Hay que cumplir la ley, y la ley prohíbe asaltar los parlamentos. Con toda lógica, porque en los parlamentos se ejerce la representación democrática. Se equivocan, por tanto, quienes promueven iniciativas bajo las consignas de “ocupar” o “rodear” el Congreso de los Diputados. Porque, además, siempre hay unos pocos que aprovechan cualquier oportunidad para convertir la manifestación libre y pacífica en una batalla sin sentido. Y las puertas de los parlamentos no son lugares para la batalla.

Las autoridades policiales, no obstante, están para controlar de manera proporcionada a los violentos, para permitir el ejercicio de los derechos de ciudadanía en las calles, y para impedir que una concentración mayoritariamente pacífica se transforme en una orgía de golpes y en un espectáculo lamentable a los ojos de todo el mundo. Y la delegación del Gobierno en Madrid no ha sabido hacer bien su trabajo. Esto es un hecho.

Pero más interesante que analizar la batalla resulta analizar las motivaciones de tanta desafección y de tanto cabreo a las puertas de nuestras instituciones democráticas. La causa primera está en la ineficacia (o la indolencia, o el desinterés) de esas instituciones para resolver los problemas que acucian a la gente, en el paro, en la precariedad laboral, en los recortes sociales. La democracia se legitima día a día resolviendo problemas. Si la democracia no resuelve problemas, los ciudadanos cuestionarán, al menos, a quienes ejercen el poder en democracia.

El cabreo también nace de la aparente abdicación de la política respecto a sus responsabilidades para administrar el espacio público que compartimos. Los ciudadanos votan y pagan a los políticos para que tomen decisiones, pero cada día los políticos aducen falta de competencia para adoptar decisiones. Los ayuntamientos descargan en las autonomías, las autonomías miran hacia el Estado, y el Gobierno estatal se queja de los mercados financieros y de los burócratas bruselenses. Si ustedes no toman decisiones, ¿para qué les voto y para qué les pago?

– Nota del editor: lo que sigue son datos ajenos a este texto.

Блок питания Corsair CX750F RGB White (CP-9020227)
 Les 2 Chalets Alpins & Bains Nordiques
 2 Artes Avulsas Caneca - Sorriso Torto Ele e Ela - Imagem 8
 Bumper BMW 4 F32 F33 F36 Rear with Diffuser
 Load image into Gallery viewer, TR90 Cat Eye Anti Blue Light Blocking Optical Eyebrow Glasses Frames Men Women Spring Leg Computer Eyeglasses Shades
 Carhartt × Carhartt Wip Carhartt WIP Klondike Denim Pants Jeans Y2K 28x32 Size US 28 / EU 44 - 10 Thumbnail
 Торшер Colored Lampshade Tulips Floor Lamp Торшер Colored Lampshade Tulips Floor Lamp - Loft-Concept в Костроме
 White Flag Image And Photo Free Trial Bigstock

Con toda seguridad también, hay cierto agotamiento en los procedimientos más clásicos de las democracias representativas. El viejo esquema del “vota, delega y olvida” ya no funciona. Los ciudadanos se saben informados, tienen criterio propio sobre las cuestiones relevantes y quieren participar más en las decisiones colectivas que les afectan. El ejercicio de la política se percibe demasiado a menudo como algo extraño, lejano, poco transparente y hasta sospechoso.

Y la salida a esta situación no consiste en mandar policías a las manifestaciones, sino en aplicar cambios para que los ciudadanos no tengan motivos para manifestarse. Ayer fueron 1.500 policías. Mañana, ¿cuántos mandaremos? ¿2.000? ¿3.000?

Cambiemos las políticas que sacrifican el bienestar y la dignidad de la gente por el cuadre estadístico y la solvencia de los Bancos. Aceleremos la integración eficiente en Europa. Cambiemos el funcionamiento de la democracia representativa, haciéndola más abierta, más transparente y más honesta, antes de que la gente se canse de la propia democracia representativa. Mandemos al Congreso menos porras y más leyes para asegurar la democracia dentro de los partidos, para permitir la reclamación judicial ante el incumplimiento de los programas, para que las contrataciones y las adjudicaciones se realicen en cuartos con ventanas abiertas…

Ayer, mientras me sacaban en volandas del Congreso por una calle lateral, me fijé en la expresión de una joven que me miraba atónita desde la puerta de un bar. Cuatro agentes de policía bloqueaban la salida del local. Me dieron ganas de parar y decirle “Yo estoy aquí para defender tus derechos”. “Pues no lo parece”, me hubiera respondido. Con toda la razón.